Pendeta London ini menambahkan bahwa Kitab Suci tidak mengartikan mengenai desersi (1Kor. 7:15) sebagai ”kasus-kasus lain dari hal-hal yang di atas”, bahkan mencontohkan beberapa:
Sebagaimana ketika seorang yang tidak setia, penyembah berhala, atau orang sesat akan meninggalkan seseorang dari agama yang sejati karena sebab-sebab yang ada selain membenci agama: atau ketika keduanya, manusia dan istrinya hidup sebagai kaum penyembah di antara kaum penyembah berhala, seorang dari mereka beralih keyakinan kepada iman yang sejati, meninggalkan tempatnya di antara kaum penyembah berhala, dan pergi kepada para guru dari iman yang sejati, tetapi benar-benar tidak dapat membawa pihak yang lain untuk beralih keyakinan: atau ketika seseorang yang beragama sejati akan meninggalkan pasangannya yang memiliki komitmen bersama, dan tanpa alasan akan hidup dengan pihak/pasangan lain sehingga meninggalkan pasangannya, dengan demikian pada akhirnya menyatakan dengan jelas kekerasan hati mereka; hingga masalah ini diperdengarkan dan dihakimi oleh Magistrat (hakim/pejabat rendah di Inggris waktu itu – terj.) …
Dr. Gouge mendetailkan mengenai apakah “terikat” pada 1 Korintus 7:15 mengacu pada (pencarian tiada akhir dari pembaruan hubungan pernikahan dengan orang yang melakukan desersi) dan tidak mengacu pada (pernikahan itu sendiri):
Desersi ini merupakan hal yang begitu penting dalam kasus pernikahan, sebagaimana hal tiu membebaskan pihak yang tidak bersalah dari pencarian apa pun yang lebih jauh akan yang alin. Berdasarkan perkataan Sang Rasul, ” Tetapi kalau orang yang tidak beriman itu mau bercerai, biarlah ia bercerai; dalam hal yang demikian saudara atau saudari tidak terikat (1Kor. 7:15). Dengan ikatan tersebut, dia mengartikan penundukan matrimonial (dengan alasan, baik dari orang-orang yang menikah, yang memiliki kuasa dari tubuh mereka sendiri, melainkan juga seorang akan tubuh pasangannya itu). Kini ketika mereka tidak lagi di bawah ikatan ini, bukan diikat untuk kepentingan hal itu. Karenanya desersi itu pada bagian dari kegagalan tugas merupakan penyudahan pernikahan semacam itu, sedemikian juga ikatan pada pihak yang tidak bersalah.

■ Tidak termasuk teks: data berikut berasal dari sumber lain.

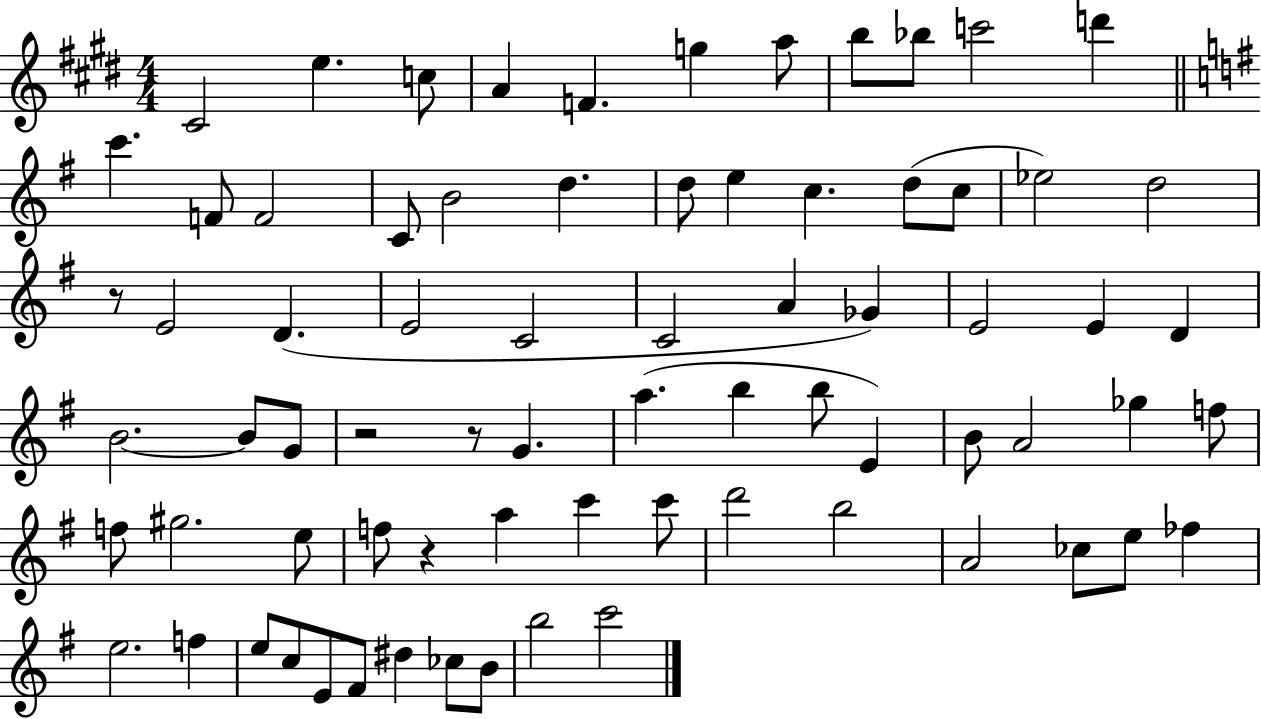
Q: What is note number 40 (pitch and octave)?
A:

Rohaniwan Westminster dan pakar anotasi menunjukkan bahwa desersi, bukanlah “memisahkan setiap ikatan pernikahan, [seolah-olah] kemerdekaan diberikan kepada pihak yang terabaikan untuk boleh menikahi orang lain”, karena hal itu tidaklah benar untuk mengatakan bahwa melalui desersi ”ikatan pernikahan boleh dipatahkan, dan kemerdekaan diberikan kepada pihak yang diterlantarkan untuk menikahi orang lain.”
Kemudian William Gouge menyatakan bahwa terdapat satu-satunya dasar untuk bercerai, yakni perzinahan, bukan desersi: “Berdasarkan Perzinahan, kita tidak menyangkal, tetapi hal itu hanya memberikan penyebab perceraian: di samping itu kita mengatakan (sebagaimana kita memiliki jaminan yang benar dari perkataan Kristus [Mat. 5:32; 19:9; Mark. 10:11-12; Luk. 16:18]) bahwa hal itu satu-satunya sebab untuk bercerai. Karena untuk dengan membuat suatu pemisahan karena kasus meninggalkan pasangannya itu tidak sesuai dengan iman katolik, khususnya bertentangan dengan pengajaran rasul Paulus dan Petrus (1Kor. 7:12-14; 1Pet. 3:1).”
Untuk bahan-bahan lain dalam bahasa Indonesia, klik di sini.